И все же, по всему чувствуется, автору рассказ был очень близок, тайно он им и впрямь гордился. Недаром, не желая рассуждать о достоинствах "Медведя", всегда поддерживал разговор о мотивах, деталях, серьезно и неспешно предлагая толкования тех или иных мест. Тут уж не просто терпение было или уважение к аудитории, была охота, был интерес -- рассказ словно рос в сознании автора, и герои его сохраняли неизменную живость. Фолкнер даже, что случалось нечасто, раскрывал жизненные истоки произведения. Та же Синтия Гренье спросила, существовал ли в действительности Старый Бен -гигантский медведь, наводящий страх на всю округу, и Лев -- смешанной породы пес, который годами Бена преследовал. Фолкнер, явно радуясь старому воспоминанию, ответил, и сказал больше, чем спрашивали: "Да. Когда я был мальчишкой, у нас в округе бродил медведь вроде Старого Бена. Однажды он попал лапой в капкан, охромел, и с тех пор все его так и звали -- Хромая Лапа. Его тоже убили, но, конечно, не так эффектно, как я убил его в рассказе. Хоггенбека я списал с парня, который работал у моего отца. Было ему лет тридцать, но ум четырнадцатилетнего. А мне было восемь или девять. Конечно, раз я сын хозяина, мы всегда делали по-моему. Просто чудо, как мы остались в живых, чего только не вытворяли! Просто чудо".
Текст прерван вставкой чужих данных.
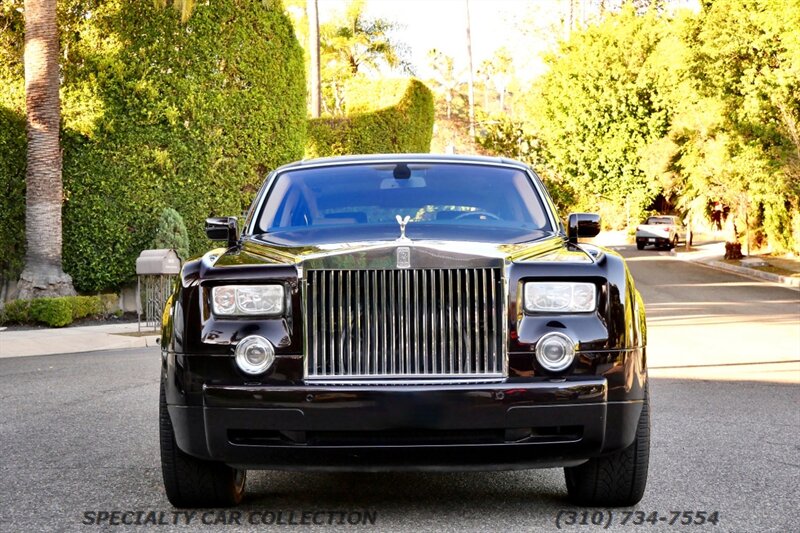 2006 Rolls-Royce Phantom - Photo 3 - West Hollywood, CA 90069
Вот так же, и сочиняя рассказ, Фолкнер испытывал, наверное, чистую радость погружения в мир собственного детства и дальше, глубже -- в те невозвратные, а может и не бывшие, мифические, времена, когда природа жила собственной жизнью, а человек шел не покорять ее, а отдаваться, постигать законы и с готовностью принимать их.
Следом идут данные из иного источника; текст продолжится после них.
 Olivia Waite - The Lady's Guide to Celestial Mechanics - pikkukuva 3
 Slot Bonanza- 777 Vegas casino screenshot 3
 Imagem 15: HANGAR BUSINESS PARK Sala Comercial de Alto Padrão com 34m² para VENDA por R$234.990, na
Невинность давно утрачена, цивилизация вступила в права, напридумывала разного рода условностей, только искажающих человеческие отношения, и все-таки остается возможность -- если хватит воли и выдержки -- через эти условности переступить и принять вызов природы, сделать последнюю попытку обрести утраченную цельность. Так и прокладывает свой путь в жизни Айк Маккаслин.
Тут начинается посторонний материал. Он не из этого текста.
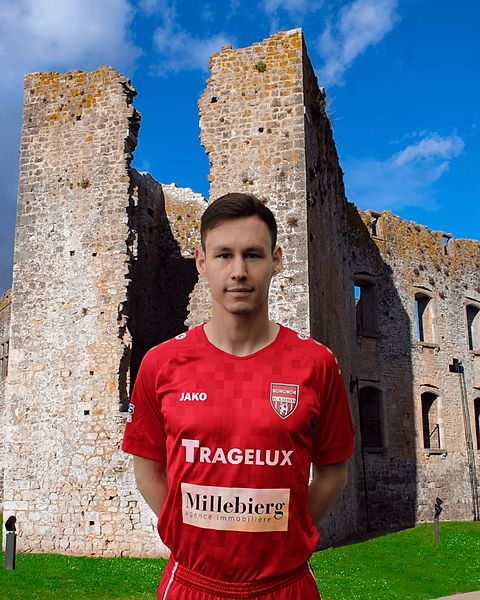 Foto: FC Käerch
Собственно, даже не прокладывает -- ведет, с детских лет, безошибочный инстинкт, надо быть лишь верным ему, не поддаваться ни на какие провокации, противостоять любым искушениям. В охотничьем лагере перебрасываются случайными, казалось бы, словами, но звучат они по-особому веско, даже величественно. Пьют обыкновенное виски, но буроватый напиток в бутылке кажется мальчику "конденсатом дикого и бессмертного духа".
Все вокруг неуловимо увеличивается в размерах, окрашивается в цвет славы и подвига, на все ложится отсвет мужества и силы.
Такой сценой начинается "Медведь", и повествование сразу исполняется чувством вселенского эпического покоя. Но это взорванный эпос, это расколотый мир, и трещина прошла и через сердце тех, кто не успел еще по сути ничего совершить -- ни доброго, ни дурного.